Work order: From the material below, return exactly the lines starting at the one that holds "Cuscino decorativo annodato" and ending at the one that holds "Verre à Whisky". Pictures stay out of the answer.
[Entries supplied]
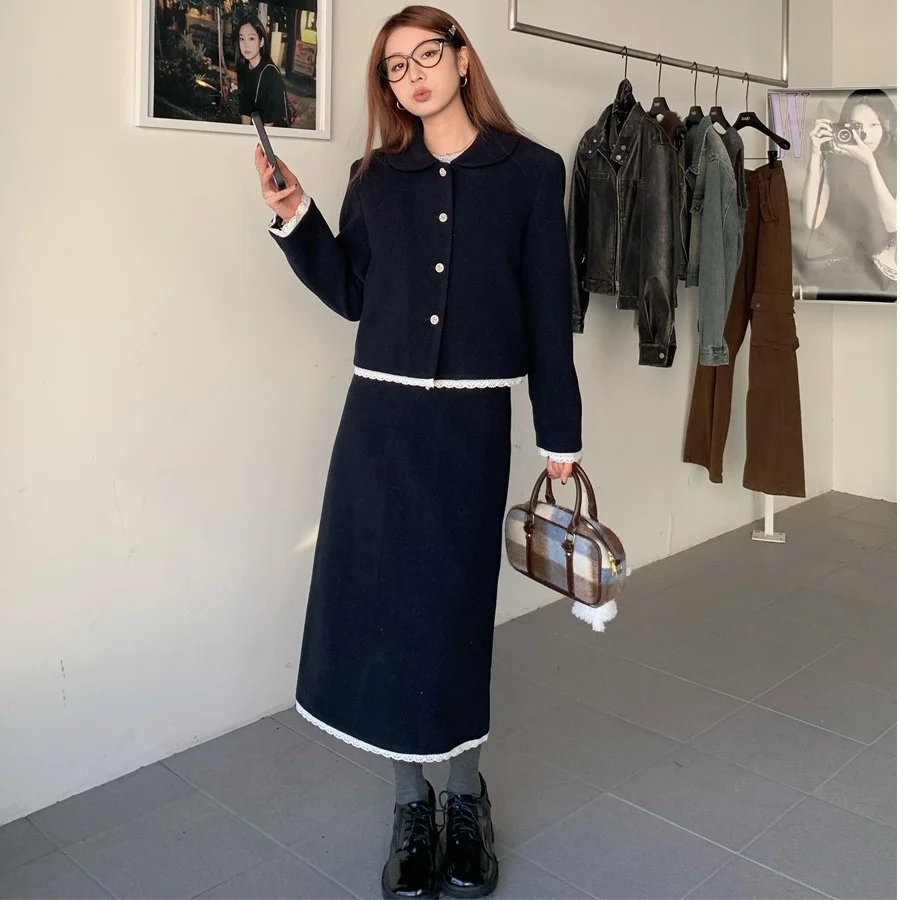Chic Winter Outfit for Women Cotton Woolen Coat with Lace Trim Elastic Waist Midi Skirt Doll Collar Two Piece Set Chinese Brand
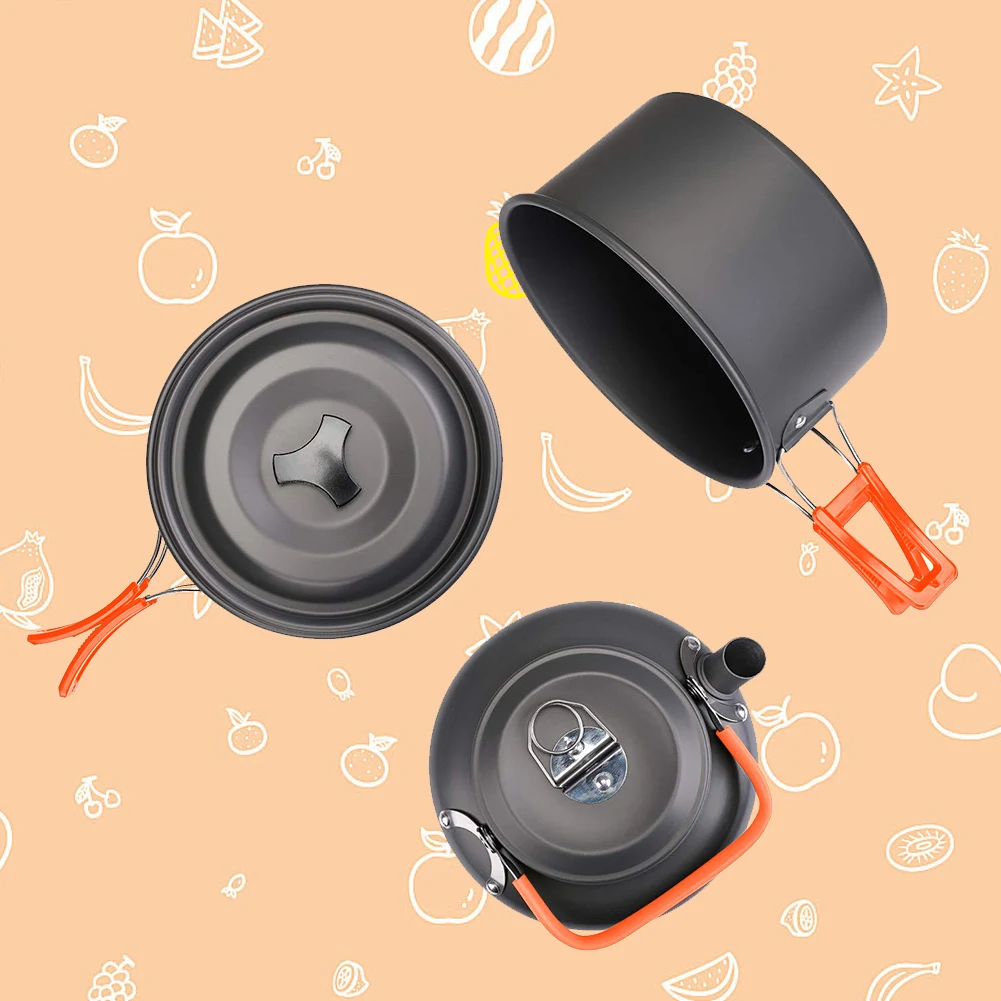 キャンプ調理器具キット ケトル ポット パン クックセット  - Camping Cooking Kettle のレビューと価格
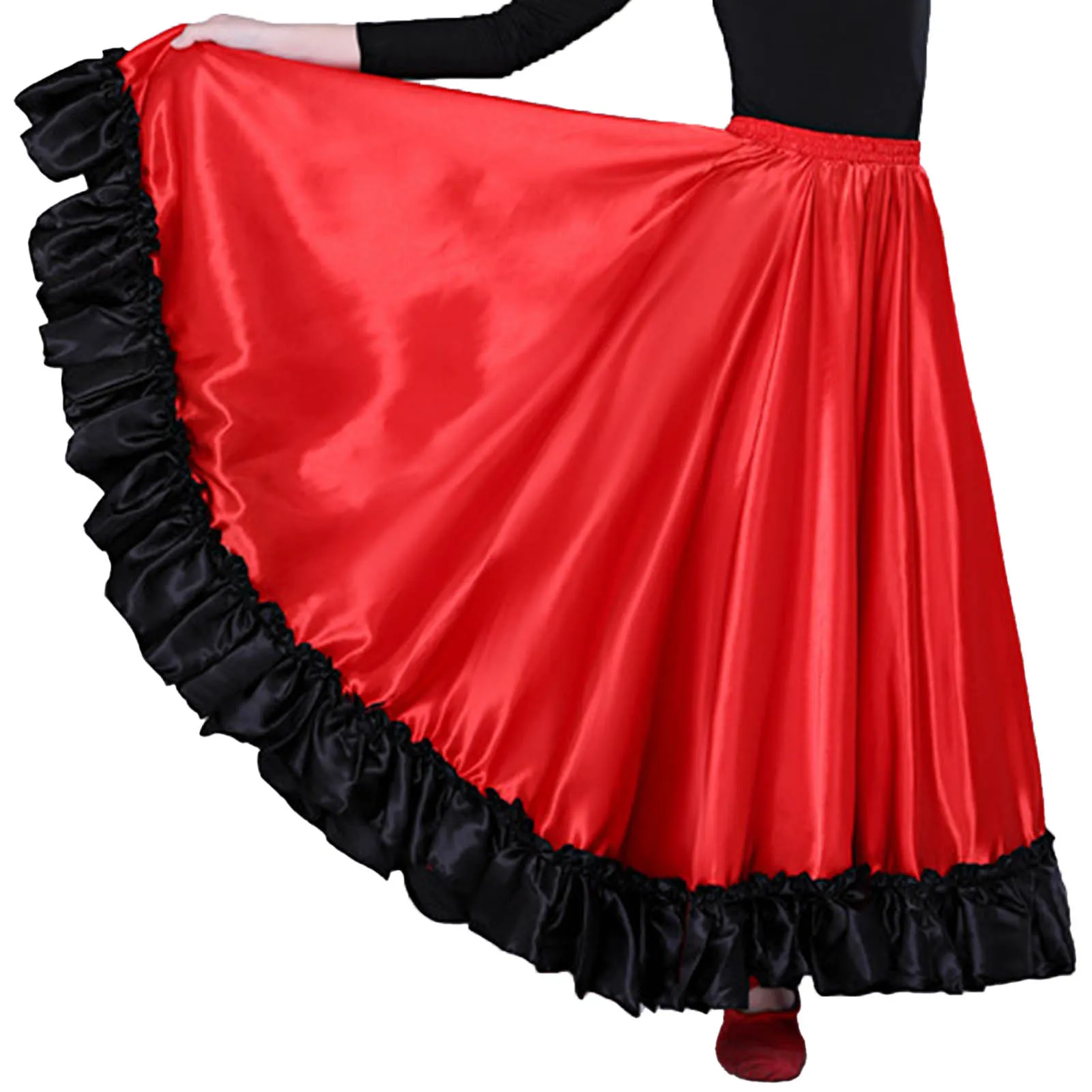 thumbnail image 2 of Kids Womens Spanish Bull Dance Skirt Belly Dance Skirt Big Swing 2 of 14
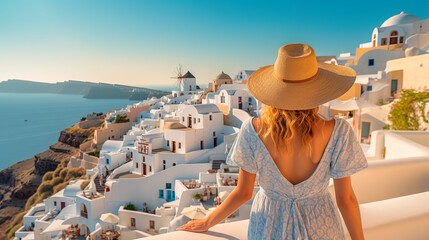 Obraz premium Girl in a sun hat on an island overlooking the ocean. Generative AI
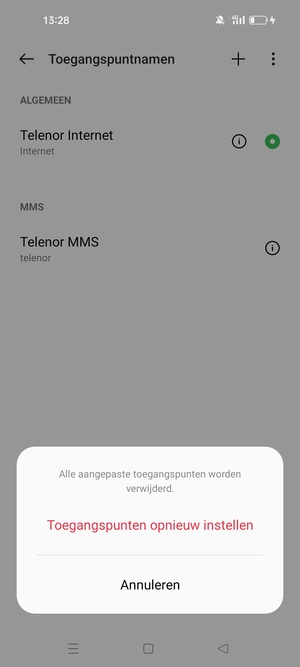Selecteer Toegangspunten opnieuw instellen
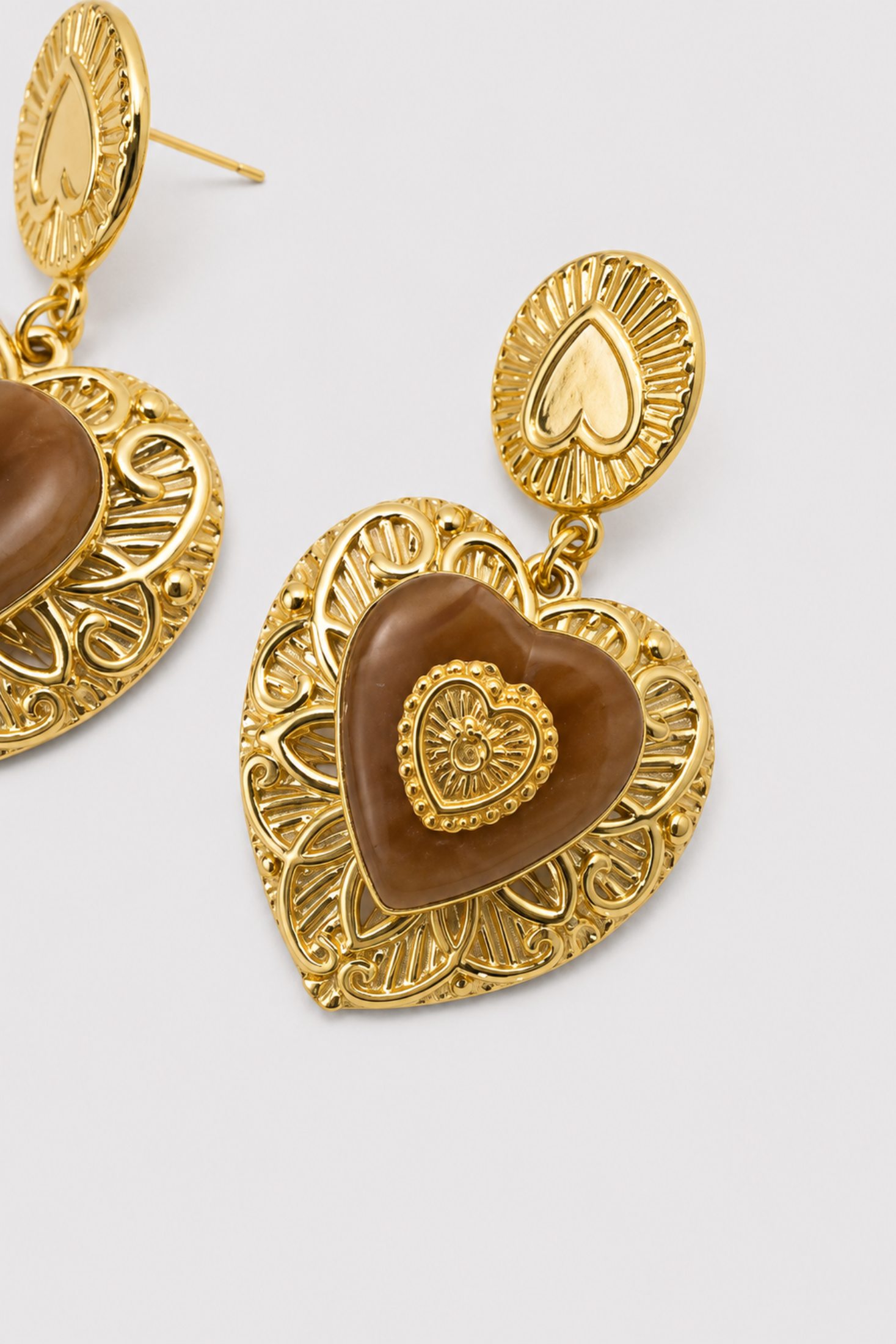 Aretes Corazón Filigrana Tostado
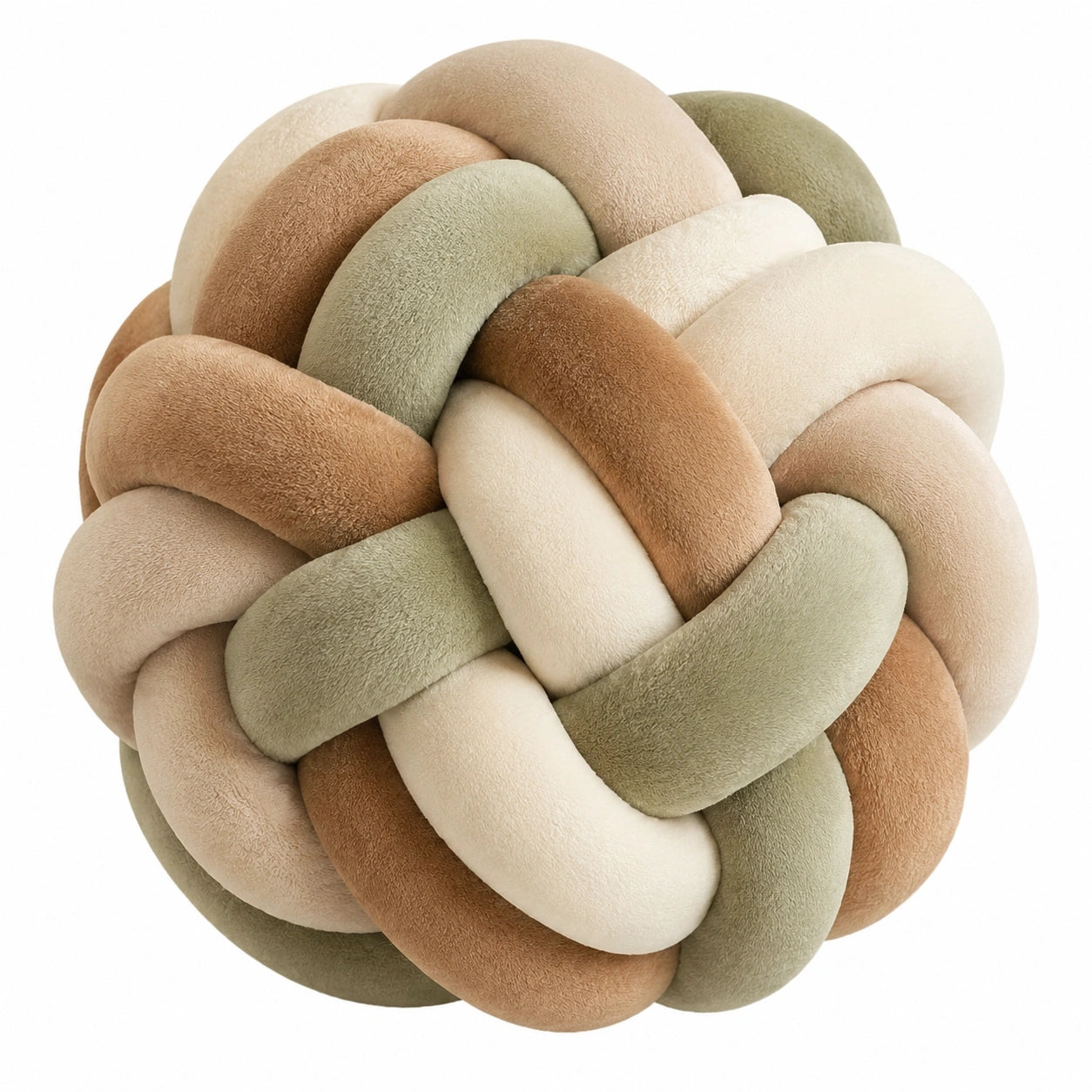 Cuscino decorativo annodato 30 cm in tessuto effetto peluche beige/verde/sabbia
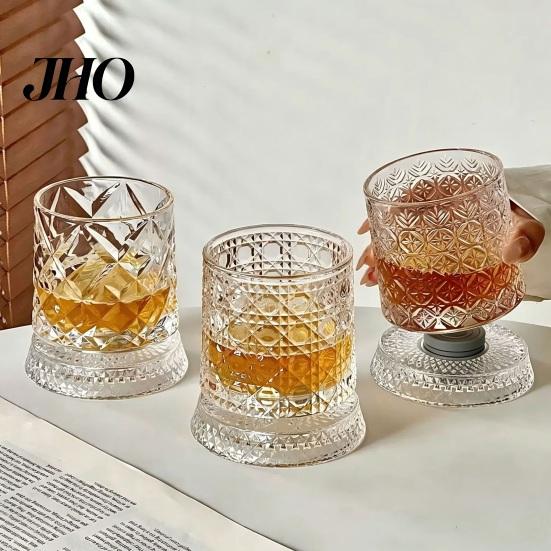 Verre à Whisky Rotatif Cadeau pour Papa, Tournant avec Lumière LED, 260ml Gravé Cadeau pour Amateur de Vin Papa Tumbler, Cadeau Fête des Pères, Compatible avec Glaçons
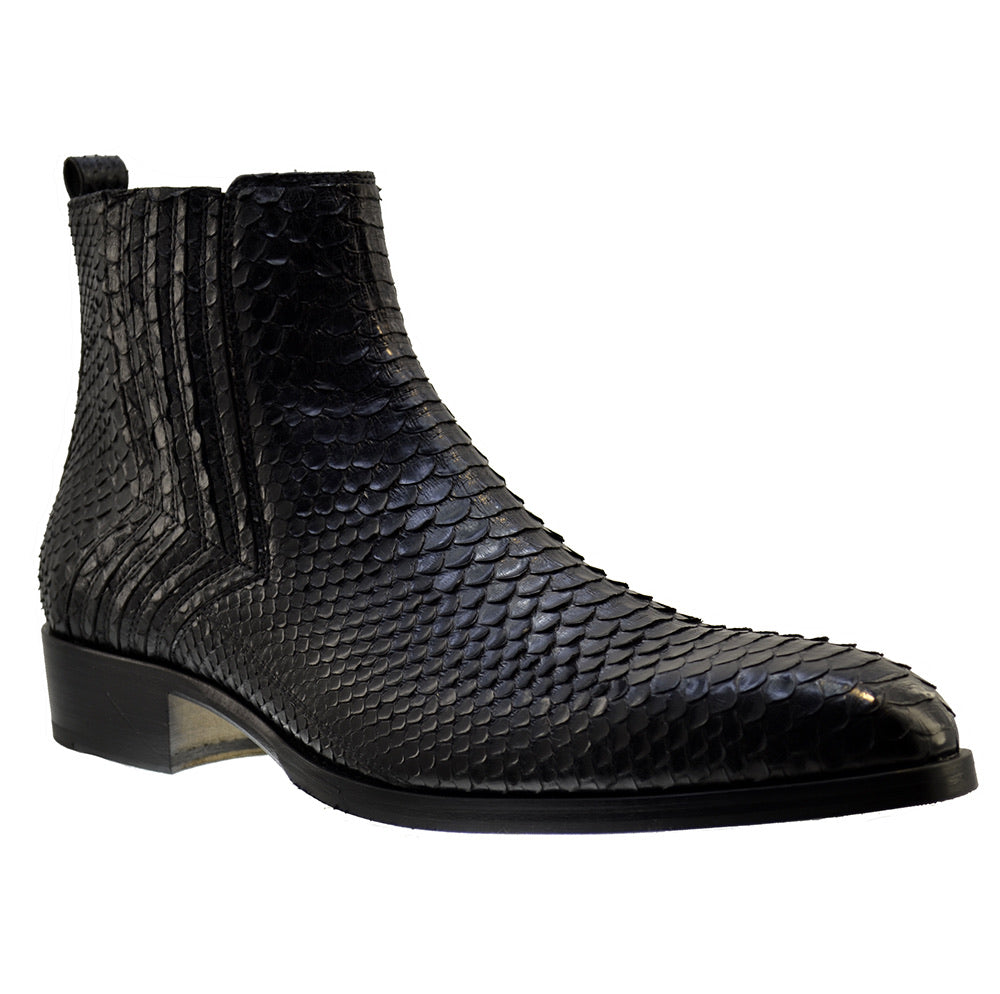 Italian Men's Shoes Jo Ghost 2014P Black Python Skin Dress Chelsea Ankle Boots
[/Entries supplied]
Exercise response:
 Cuscino decorativo annodato 30 cm in tessuto effetto peluche beige/verde/sabbia
 Verre à Whisky Rotatif Cadeau pour Papa, Tournant avec Lumière LED, 260ml Gravé Cadeau pour Amateur de Vin Papa Tumbler, Cadeau Fête des Pères, Compatible avec Glaçons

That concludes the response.